Für den Antrag stimmten der Block der ehemaligen Ministerpräsidentin Julia Timoschenko, der Block von Rada-Sprecher Wolodymyr Lytwyn, die „Partei der Regionen“ des Moskau-orientierten ex-Präsidentschaftskandidaten Viktor Janukowitsch sowie die Kommunistische Partei.
Sollte dieses Bündnis bestehen bleiben, sieht die Zukunft für Viktor Juschtschenko schlecht aus. Die Präsidenten-nahe Partei „Unsere Ukraine“ liegt in den Umfragen bei nur 15 Prozent. Stärkste Partei in der Ukraine ist zur Zeit die Russland-freundliche Partei der Regionen von Viktor Janukowitsch, die in den Umfragen mit 27 Prozent weit vorne liegt.

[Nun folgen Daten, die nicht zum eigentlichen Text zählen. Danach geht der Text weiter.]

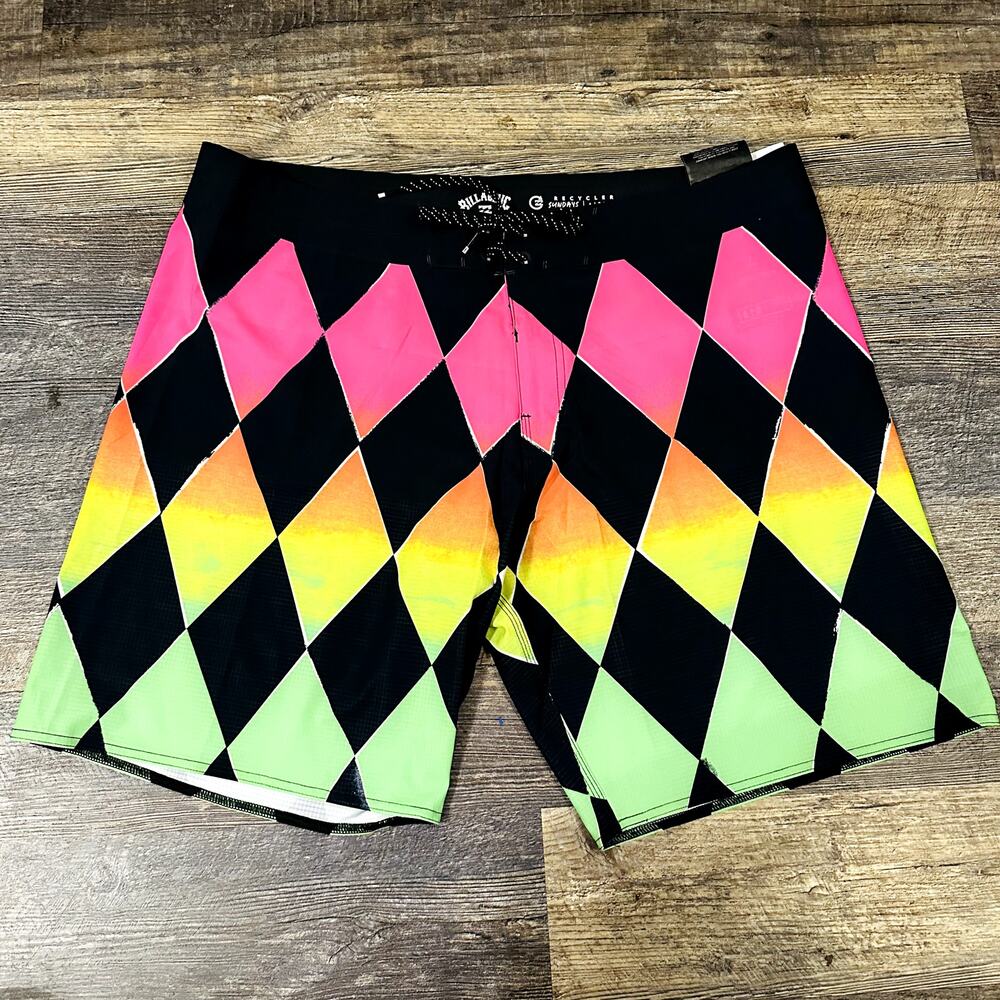 Billabong Men's Multicolor Diamond Tie Waist Boardshort Swim Trunks Size 40 NWT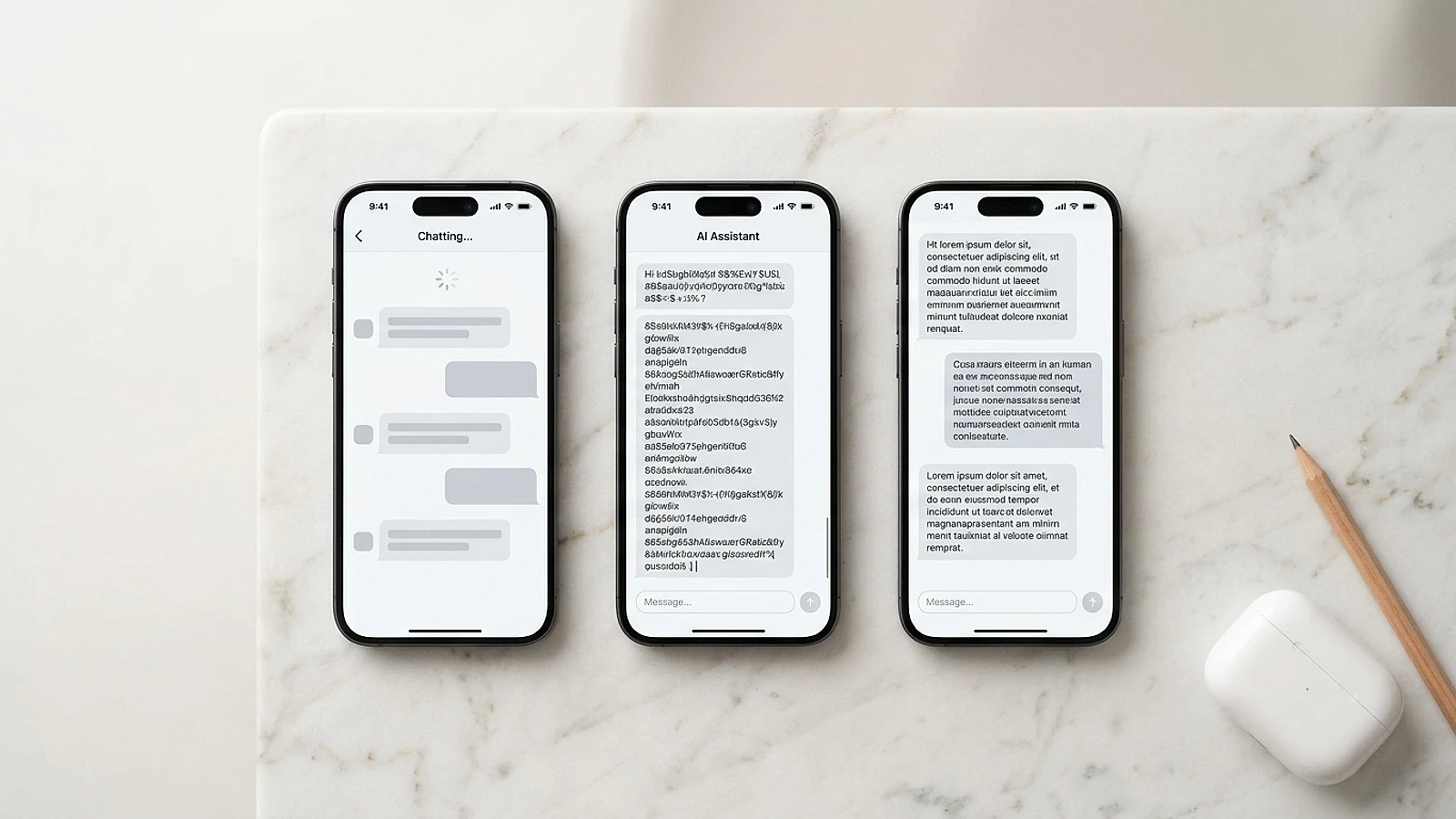 Three-panel comparison showing AI chatbot states: skeleton loading, streaming text with cursor, and completed formatted response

Die Befragung von Ministerpräsident Juri Jechanurow in der Werchowna Rada am Dienstag brauchte erstaunliche Details der Gas-Verhandlungen zu Tage. So erklärte Jechanurow, über Einzelheiten der Gas-Lieferungen müsse noch nachverhandelt werden. Die Oppositionspolitikerin Julia Timoschenko will eine Parlaments-Kommission bilden, die prüfen soll, inwieweit bei der Gas-Einigung vom 4. Januar Korruption mit im Spiel war. Insbesondere geht es dabei wohl auch um die Rolle der Handelsfirma Firma RosUkrEnergo, die jetzt als Zwischenhändler zwischen Gasprom und der „Naftogas Ukrainy“ auftritt. Der Gasprom-Anteil in dem Unternehmen wird nach Meinung des ehemaligen ukrainischen Geheimdienstchefs Aleksandr Turtschinow von Semjon Mogilewitsch kontrolliert. Der Geschäftsmann wurde wegen Betrügereien in Russland zweimal verurteilt. Beim FBI steht er wegen Betrug und Geldwäsche auf der Fahndungsliste.